------ Records ------

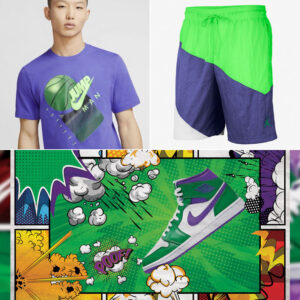 Alternative view of Giày Nike Air Jordan 1 Incredible Hulk 554724-300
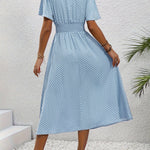 "La Scintilla | Elegant Polka Dot Dress Élisa" can be rewritten as:

"La Scintilla | Chic Polka Dot Dress Élisa"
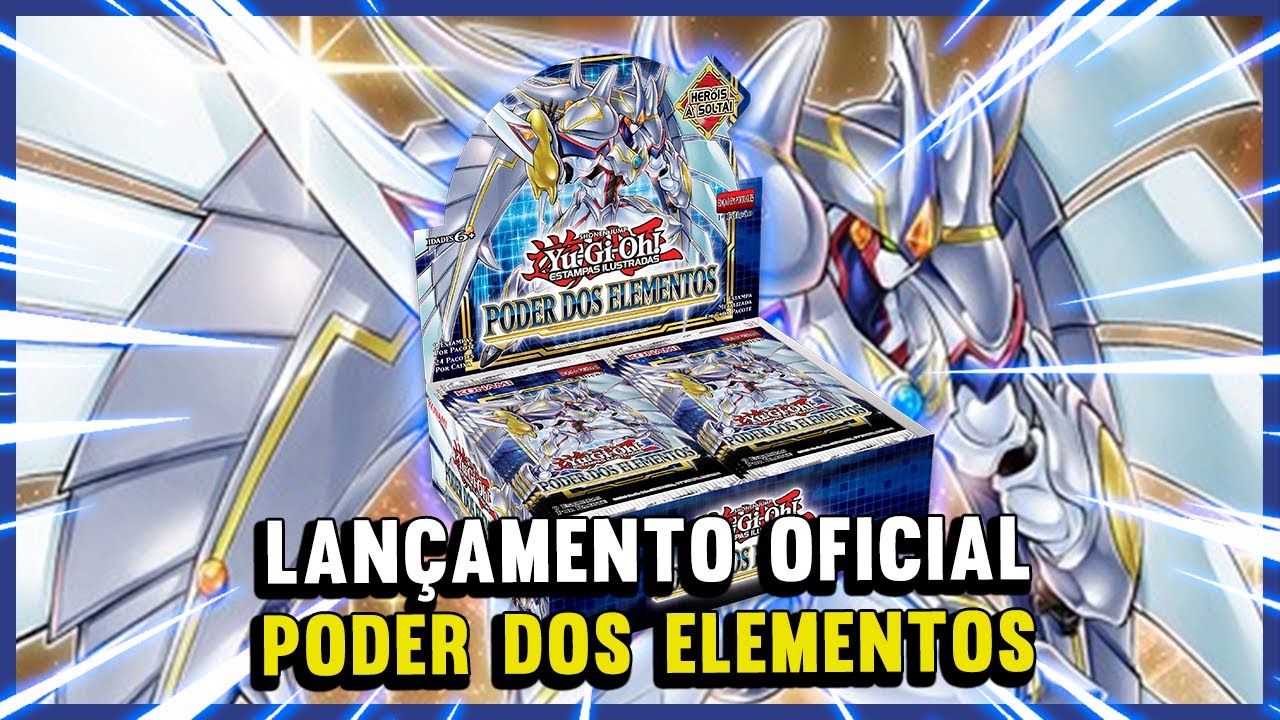 LAN&Ccedil;AMENTO PODER DOS ELEMENTOS - NOVA COLE&Ccedil;&Atilde;O YU-GI-OH! TCG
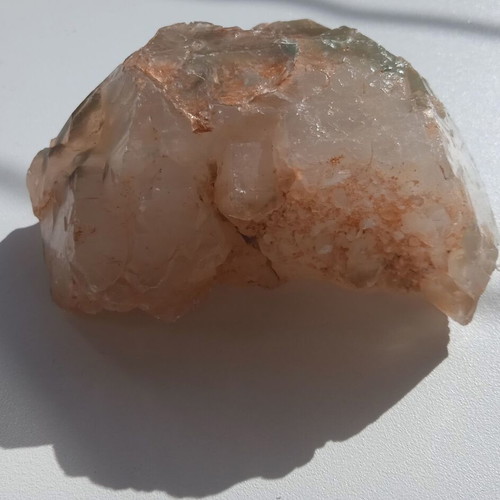 Raw Smoky Quartz with Green Tourmaline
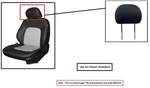 Right Blk Front Headrest Oem 2022 Dodge Charger 1XA08DX9AA. Fixed Price $75.00.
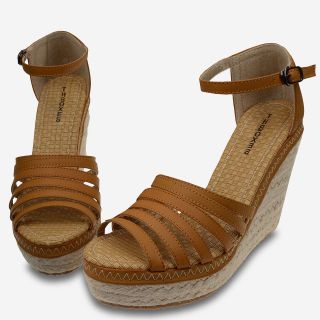 Gallant Summer High Heel Women Shoe Wedge Platforms Ankle Strap 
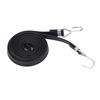 10Pcs Bungee Strap 2cm Width Black High Elasticity Heavy Duty Bungee Cords with Hook for Outdoor Activities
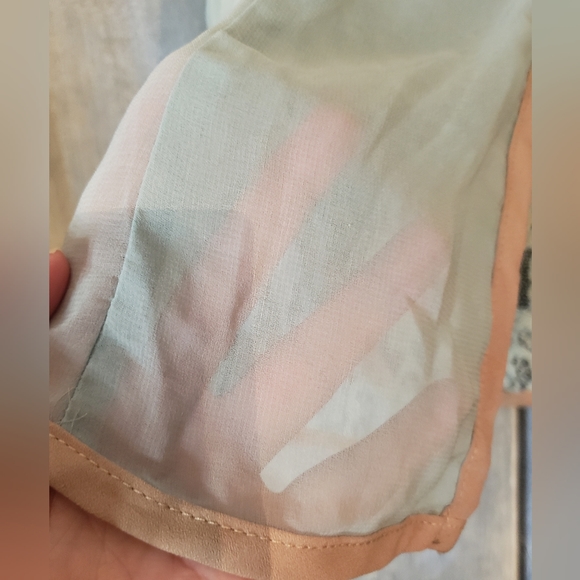 Ryu Anthropologie Lace/Chiffon 3 Bows Tank Blouse (S) - Picture 8 of 15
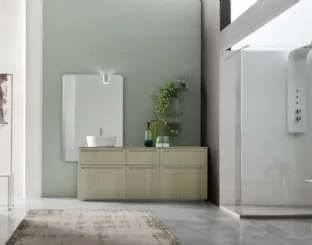 Mobile da Bagno a terra in Olmo Verde Rush 26 di Arcom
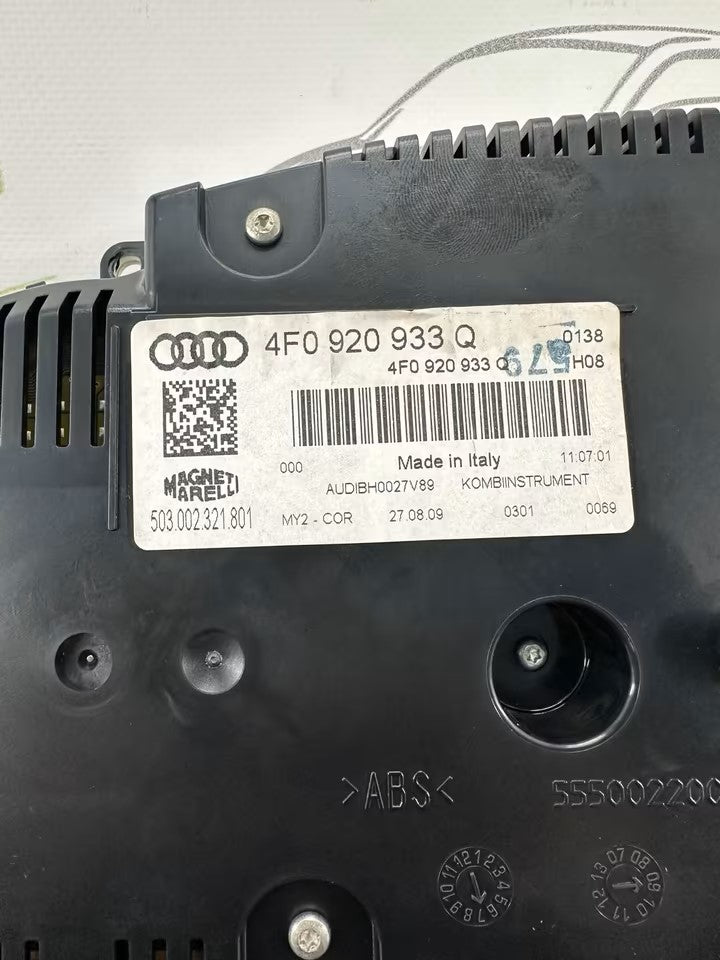 4F0920933Q Tacho Kombiinstrument Audi A6 4F FL 08-11 Bj 2009Bj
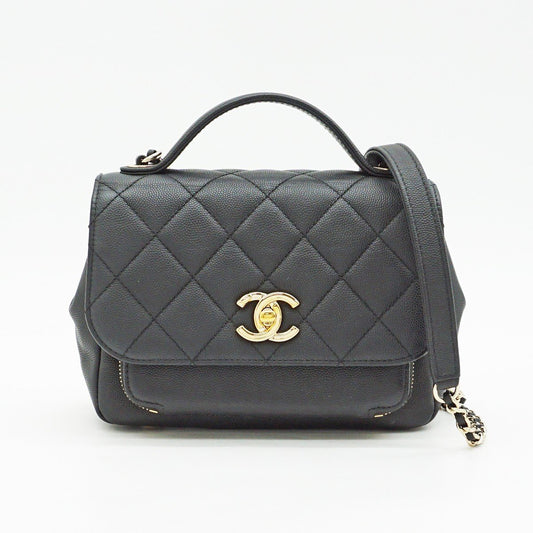 Chanel Caviar Skin Business Affinity 2WAY Chain Shoulder Bag A93607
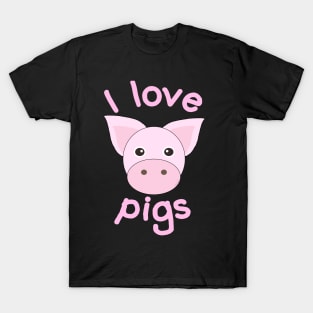 I Love Pigs T-Shirt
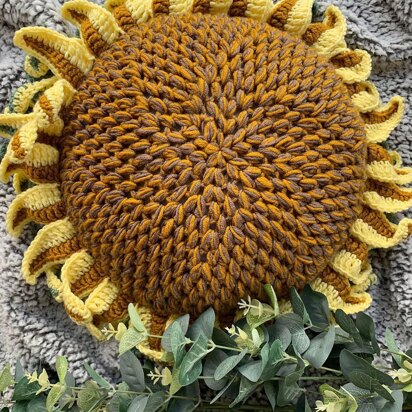 Sunflower cushion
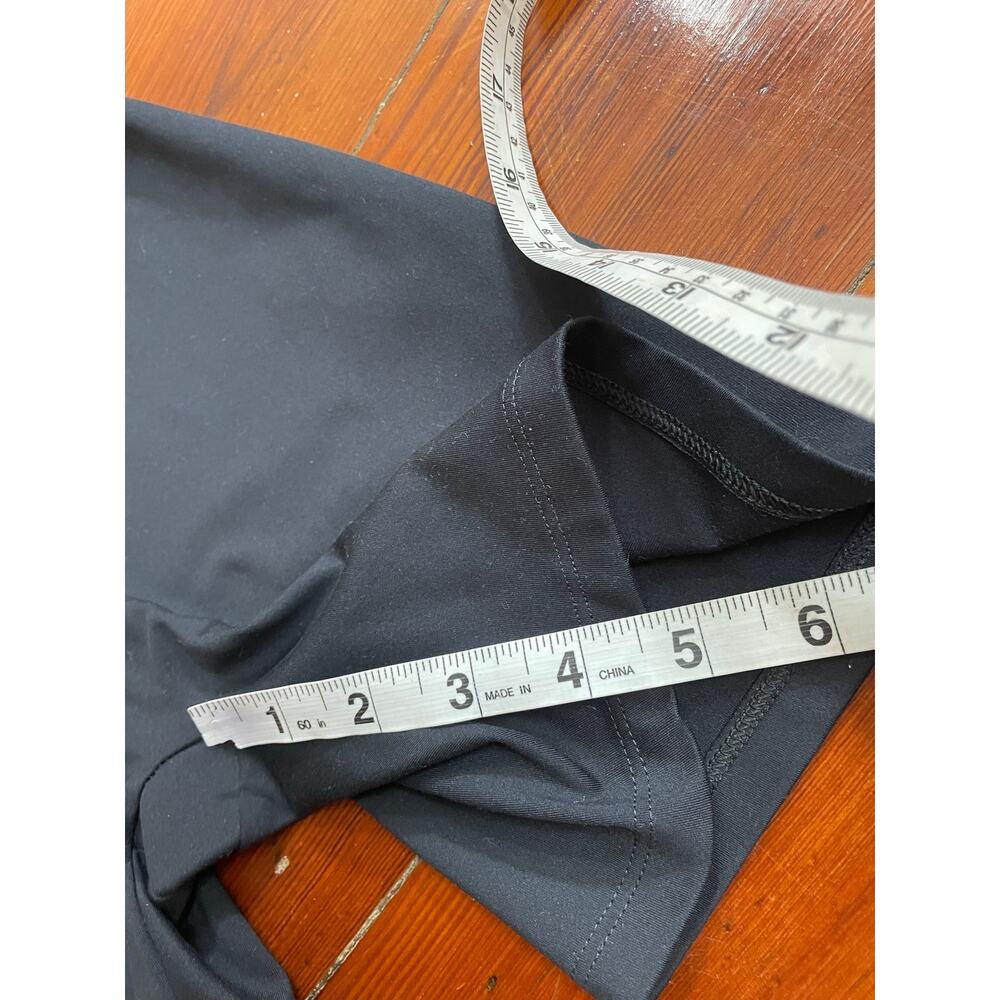 Girlfriend Collective Bike Unitard Black Medium Compressive Romper Built In Bra - Picture 11 of 11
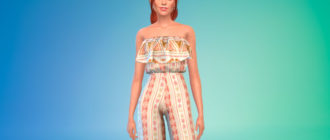 Комбинезон в богемном стиле для Симс 4 – фото 1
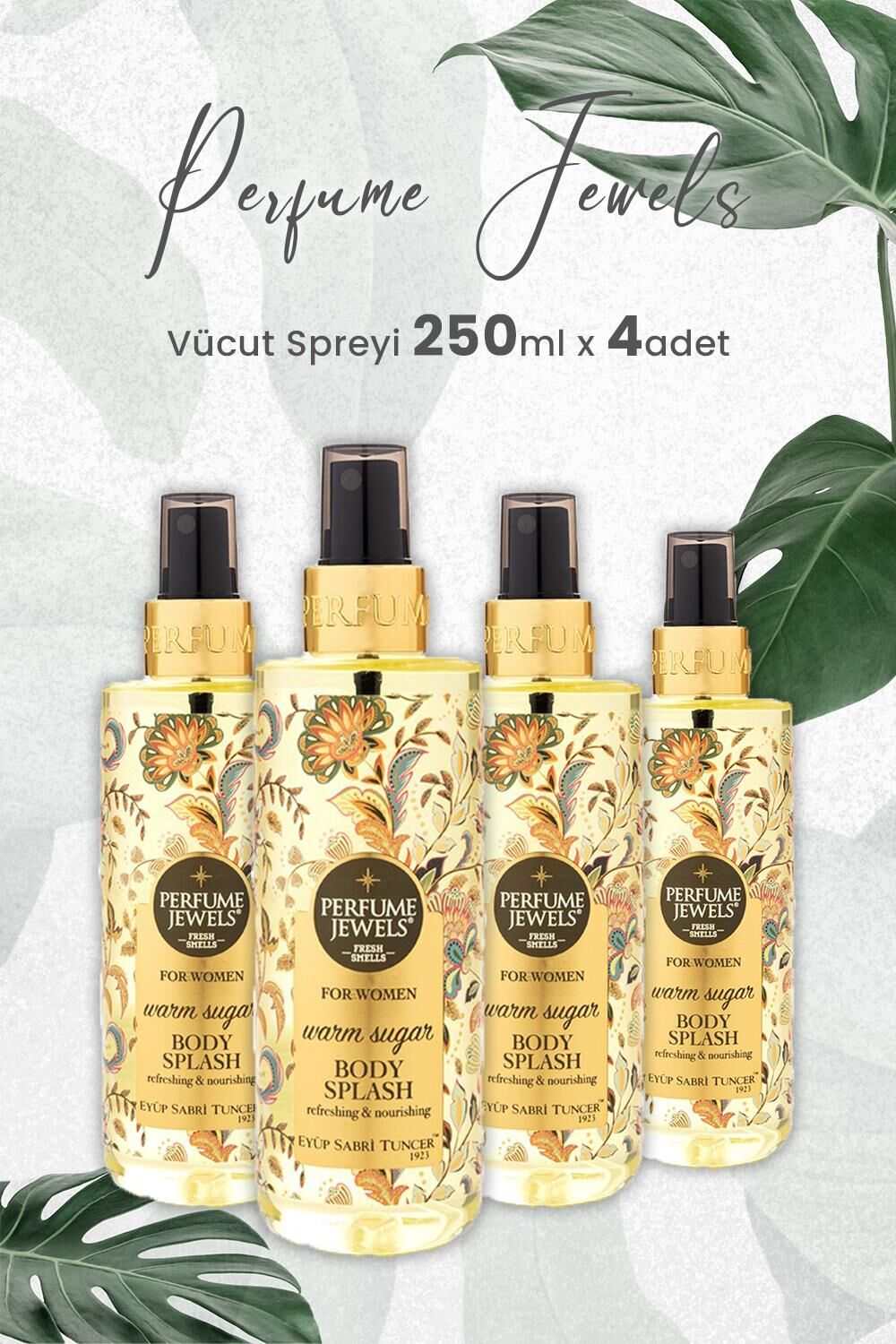 Eyüp Sabri Tuncer Pj Body Splash Warm Sugar 250 ml x 4 Adet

------

> _What you will do_: Take the line with "Chanel Caviar Skin" and each line after it through the end of the material above, and reproduce them exactly, without the pictures.

> _Task answer_:
 Chanel Caviar Skin Business Affinity 2WAY Chain Shoulder Bag A93607
 I Love Pigs T-Shirt
 Sunflower cushion
 Girlfriend Collective Bike Unitard Black Medium Compressive Romper Built In Bra - Picture 11 of 11
 Комбинезон в богемном стиле для Симс 4 – фото 1
 Eyüp Sabri Tuncer Pj Body Splash Warm Sugar 250 ml x 4 Adet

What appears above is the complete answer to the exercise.